I'm moving to Malaysia next week and trying to figure out the best way I can bring in some money. I plan to bring about $3000 for my initial expenses like accommodation, initial purchases to set up the apartment. 

What is the best option: Travelers checks, ATM Card, Cash. What do you guy recommend and what source would give me the best exchange rate. 

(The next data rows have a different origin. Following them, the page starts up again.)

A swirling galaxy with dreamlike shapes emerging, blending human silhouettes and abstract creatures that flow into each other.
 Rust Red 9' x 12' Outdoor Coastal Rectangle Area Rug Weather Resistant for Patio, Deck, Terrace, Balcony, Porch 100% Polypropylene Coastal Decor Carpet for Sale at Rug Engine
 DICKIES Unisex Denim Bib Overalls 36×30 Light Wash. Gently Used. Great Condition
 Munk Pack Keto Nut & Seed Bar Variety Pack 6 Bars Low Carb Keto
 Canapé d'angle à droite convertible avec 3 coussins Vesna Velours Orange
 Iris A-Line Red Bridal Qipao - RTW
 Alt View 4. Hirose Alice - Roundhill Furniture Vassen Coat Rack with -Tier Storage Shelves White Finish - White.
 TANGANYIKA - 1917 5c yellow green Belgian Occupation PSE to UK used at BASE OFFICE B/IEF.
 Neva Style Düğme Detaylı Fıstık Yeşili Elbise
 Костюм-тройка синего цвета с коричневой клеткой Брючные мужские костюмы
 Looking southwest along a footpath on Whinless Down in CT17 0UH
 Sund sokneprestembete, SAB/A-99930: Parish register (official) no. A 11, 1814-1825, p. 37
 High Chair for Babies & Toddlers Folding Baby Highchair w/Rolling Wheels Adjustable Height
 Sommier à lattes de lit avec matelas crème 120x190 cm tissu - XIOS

Any input in much appreciated


----------



## Menno (Aug 15, 2012)

Atm card. Cash money is maximized.


----------



## eryepe (Oct 2, 2012)

I would suggest you to bring cash rather than other. There are plenty of money changer at the mall/shopping center, bus terminal, or even the main street. Don't exchange money in the bank's counter or withdraw money using ATM. I believe, the exchange rate will be a little bit expensive. Another money changer you need to avoid (if possible) is airport. But of course carrying a cash, would bring another risk to you. So it depends on you.


----------



## kelvin lee (Oct 2, 2012)

ATM is useful but there is some charges when come to withdrawl, also provided your ATM is active for overseas withdrawl as well. I would suggest that the best is to bring the cash over to Malaysia as you get to exchange your money in the hotel that you stay as well... There are plenty of money changer in Malaysia can help you to exchange your foreign currency


----------



## veriya (May 24, 2012)

you can get the best rate if you bring in cash, while other methods are much safer options.
its a bummer, that there aint much websites where you could check the best rate.
lately i follow moneymaster.com.my
but still doesnt mean you should go to them, because you have to calculate the travelling cost too, so jus check the website to better understand the current rate.


----------